Review the available data from all relevant sources (for example, it could be a single source or a combination of ERP, CRM, or HR systems);
Combine it into one big thing;
Identify patterns, trends, and anomalies;
Calculate the possible outcomes.
Although predictive analytics estimates the possibilities of specific outcomes, it does not mean that these predictions are a sure thing. However, armed with these insights, you can make wiser decisions.


Areas of use of Predictive Analytics:


  • Marketing - determine the trends and potential of individual courses of action. For example, define a content strategy and the types of content that are more likely to strike the right chord with the audience;
  • E-commerce / Retail  identify trends in customer purchasing activity and manage product inventory accordingly.
  • Stock Markets  predict market movements and the possibility of changes in different scenarios.
  • Healthcare - understand the possible consequences of an outbreak of the disease and its treatment methodology. 
  • Sports - for predicting game results and tracking bets;
  • Construction - assess construction and use of materials;
  • Accounting - to calculate the probabilities of specific scenarios, assess current trends, and provide several options for decision-making.

4. Prescriptive analysis


Do not confuse prescriptive and predictive analytics:
Predictive analytics exposes what might occur in the future.
Prescriptive analytics is about what to do in the future.
This exploration of customer data presents a set of options, opportunities, and possibilities to consider in various scenarios.
Technically, prescriptive analytics consists of a combination of:
specific business rules and requirements,
selection of machine learning algorithms (usually supervised)
modeling procedures
All this calculates as many possibilities as possible and assesses their probability.
You can then turn to predictive analytics to search for different results (if needed). It is commonly used for the these activities:
  • Optimization procedures;
  • Campaign management;
  • Budget management;
  • Content planning;
  • Content optimization;
  • Product inventory management.

Prescriptive analytics is used in various industries. It is typically used to provide another view of the data and provide more options to consider when taking action, such as:

  • Marketing  for planning and editing campaigns
  • Healthcare  for treatment planning and management
  • Exchanges - in the development of operating procedures
  • Construction - for scenario simulation and better resource management.
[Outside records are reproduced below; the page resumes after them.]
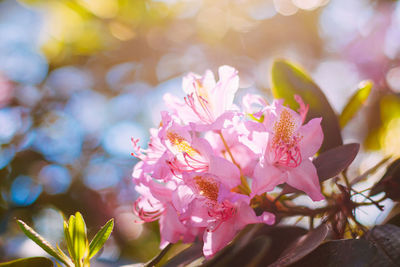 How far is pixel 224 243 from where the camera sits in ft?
2.25

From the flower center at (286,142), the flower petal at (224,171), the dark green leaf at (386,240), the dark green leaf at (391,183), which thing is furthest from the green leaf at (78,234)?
the dark green leaf at (391,183)

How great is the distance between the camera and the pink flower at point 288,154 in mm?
668

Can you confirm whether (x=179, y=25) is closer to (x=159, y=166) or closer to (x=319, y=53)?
(x=319, y=53)

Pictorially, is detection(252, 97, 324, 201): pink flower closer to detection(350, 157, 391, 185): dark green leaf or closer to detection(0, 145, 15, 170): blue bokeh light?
detection(350, 157, 391, 185): dark green leaf

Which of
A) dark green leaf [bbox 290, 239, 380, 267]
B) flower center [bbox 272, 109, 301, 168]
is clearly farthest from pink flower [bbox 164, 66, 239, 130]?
dark green leaf [bbox 290, 239, 380, 267]

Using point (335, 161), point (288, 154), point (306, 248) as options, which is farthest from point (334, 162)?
point (306, 248)

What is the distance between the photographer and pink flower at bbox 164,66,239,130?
2.51ft

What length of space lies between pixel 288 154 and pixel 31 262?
1.76 ft

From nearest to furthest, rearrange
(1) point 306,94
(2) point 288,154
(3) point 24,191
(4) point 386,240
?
1. (4) point 386,240
2. (2) point 288,154
3. (1) point 306,94
4. (3) point 24,191

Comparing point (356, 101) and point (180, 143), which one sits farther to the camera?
point (356, 101)

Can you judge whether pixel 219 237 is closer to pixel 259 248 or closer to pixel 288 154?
pixel 259 248

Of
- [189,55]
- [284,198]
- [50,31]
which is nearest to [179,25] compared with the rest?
[189,55]

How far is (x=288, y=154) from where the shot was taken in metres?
0.70

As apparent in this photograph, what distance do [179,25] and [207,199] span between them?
5.35ft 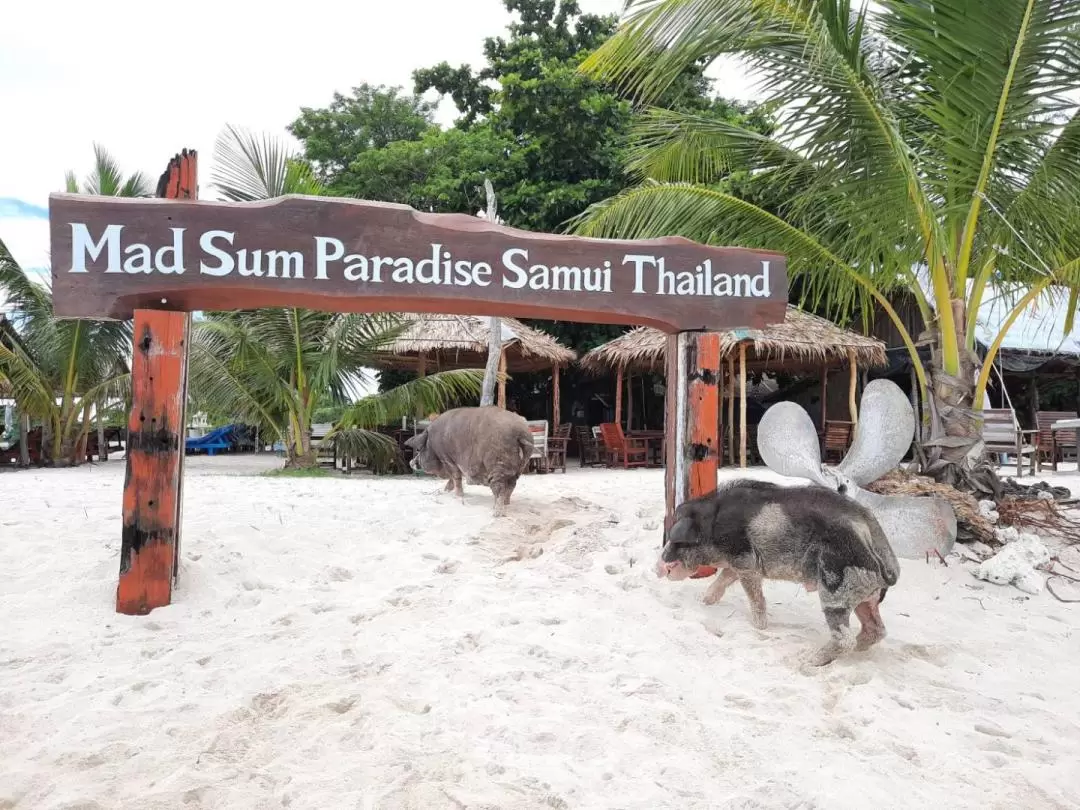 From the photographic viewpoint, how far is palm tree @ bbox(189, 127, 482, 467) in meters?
9.99

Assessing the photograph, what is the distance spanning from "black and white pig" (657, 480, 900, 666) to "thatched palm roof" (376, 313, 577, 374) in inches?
319

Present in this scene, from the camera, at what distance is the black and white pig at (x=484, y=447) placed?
616cm

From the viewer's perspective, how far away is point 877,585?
9.93ft

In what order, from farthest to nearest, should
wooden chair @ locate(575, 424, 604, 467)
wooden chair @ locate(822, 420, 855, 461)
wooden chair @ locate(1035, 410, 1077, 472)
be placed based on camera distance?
wooden chair @ locate(575, 424, 604, 467), wooden chair @ locate(822, 420, 855, 461), wooden chair @ locate(1035, 410, 1077, 472)

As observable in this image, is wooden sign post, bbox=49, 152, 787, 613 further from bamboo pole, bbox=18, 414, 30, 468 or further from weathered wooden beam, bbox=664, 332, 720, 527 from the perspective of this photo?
bamboo pole, bbox=18, 414, 30, 468

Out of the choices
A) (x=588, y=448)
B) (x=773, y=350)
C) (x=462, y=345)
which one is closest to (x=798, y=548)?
(x=462, y=345)

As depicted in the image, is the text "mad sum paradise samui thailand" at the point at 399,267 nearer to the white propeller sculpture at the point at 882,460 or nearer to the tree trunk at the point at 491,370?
the white propeller sculpture at the point at 882,460

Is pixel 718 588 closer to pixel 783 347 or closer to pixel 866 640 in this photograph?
pixel 866 640

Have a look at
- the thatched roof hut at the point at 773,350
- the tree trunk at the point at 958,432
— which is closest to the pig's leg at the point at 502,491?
the tree trunk at the point at 958,432

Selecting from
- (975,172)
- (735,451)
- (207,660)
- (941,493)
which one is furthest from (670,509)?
(735,451)

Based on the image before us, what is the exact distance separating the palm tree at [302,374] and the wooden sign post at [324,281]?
5876mm

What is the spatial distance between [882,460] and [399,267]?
265 centimetres

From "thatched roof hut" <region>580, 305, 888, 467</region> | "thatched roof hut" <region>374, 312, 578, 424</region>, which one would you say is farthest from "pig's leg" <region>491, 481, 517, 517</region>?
"thatched roof hut" <region>580, 305, 888, 467</region>

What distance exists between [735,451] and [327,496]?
9.87 meters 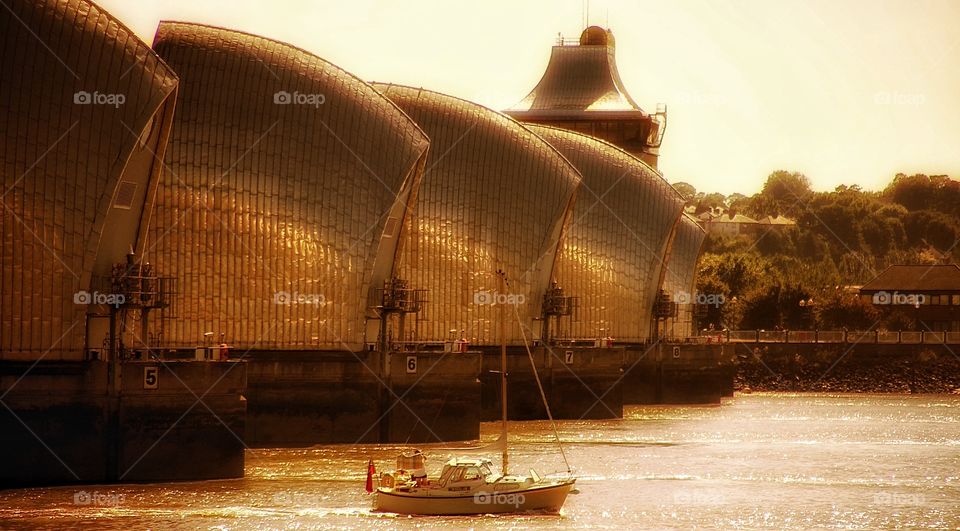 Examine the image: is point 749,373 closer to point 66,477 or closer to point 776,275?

Importance of data analysis


Data analysis plays a vital role in every company. It will help you understand the data you already have, such as;
 
  • It helps companies optimize their success. Suppose you implement it in your business model. In such a case, it can support cost reduction by identifying better profitable ways of doing business and collecting vast amounts of data.
  • Business analytics is beneficial to any company when it makes decisions, knows the wishes of its customers, and fulfills their expectations. Therefore your company achieves better and new products and services.
  • Data Analytics supports every company that grows. The analyst analyzes the business value chain and informs you how the existing data will benefit the business.


Conclusion


Data is essential for every company, helping them understand their customers, improve their advertising campaigns and grow their bottom lines. Data analytics tools and processes are necessary because data has several benefits, but without these tools, you cannot access those benefits.
 
Raw data has much power, but you need data analytics to grow your company. So we can say that data analytics is essential for the development of any business because data analytics sustains the company in optimizing its performance.